Setting up ceph cloud sync module

2021-09-06

Summary :

Since mimic ceph's RGW can be synced with any S3 cloud provider

content

Requirements

  • Ceph cluster
  • 2 RGW daemons running
  • A S3 target

We'll use three endpoints :

Check our existing pool

All rgw have a zone and zonegroup, it's probably default.

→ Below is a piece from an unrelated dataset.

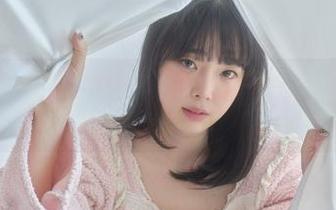 来吧，福利图片集合！看姜仁卿(강인경)在浴缸里的悠闲时光！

You can check the pool's names:

(docker-croit)@mycephcluster / $ ceph osd lspools
1 device_health_metrics
2 .rgw.root
3 default.rgw.control
4 default.rgw.log
5 default.rgw.meta
6 default.rgw.buckets.non-ec
7 default.rgw.buckets.index
8 default.rgw.buckets.data

Or inspect the zone or zonegroup directly:

(docker-croit)@mycephcluster / $ radosgw-admin zone get --rgw-zone=default
{
    "id": "303a00f5-f50d-43fd-afee-aa0503926952",
    "name": "default",
...
}


(docker-croit)@mycephcluster / $ radosgw-admin zonegroup get --rgw-zonegroup=default
{
    "id": "881cf806-f6d2-47a0-b7dc-d65ee87f8ef4",
    "name": "default",
    "api_name": "default",
    "is_master": "true",
...
    "zones": [
        {
            "id": "303a00f5-f50d-43fd-afee-aa0503926952",
            "name": "default",

Prepare pools

Our new zone will need some pools. We'll create them manually to ensure there are no issues (e.g. too many PG per osd) blocking their creation.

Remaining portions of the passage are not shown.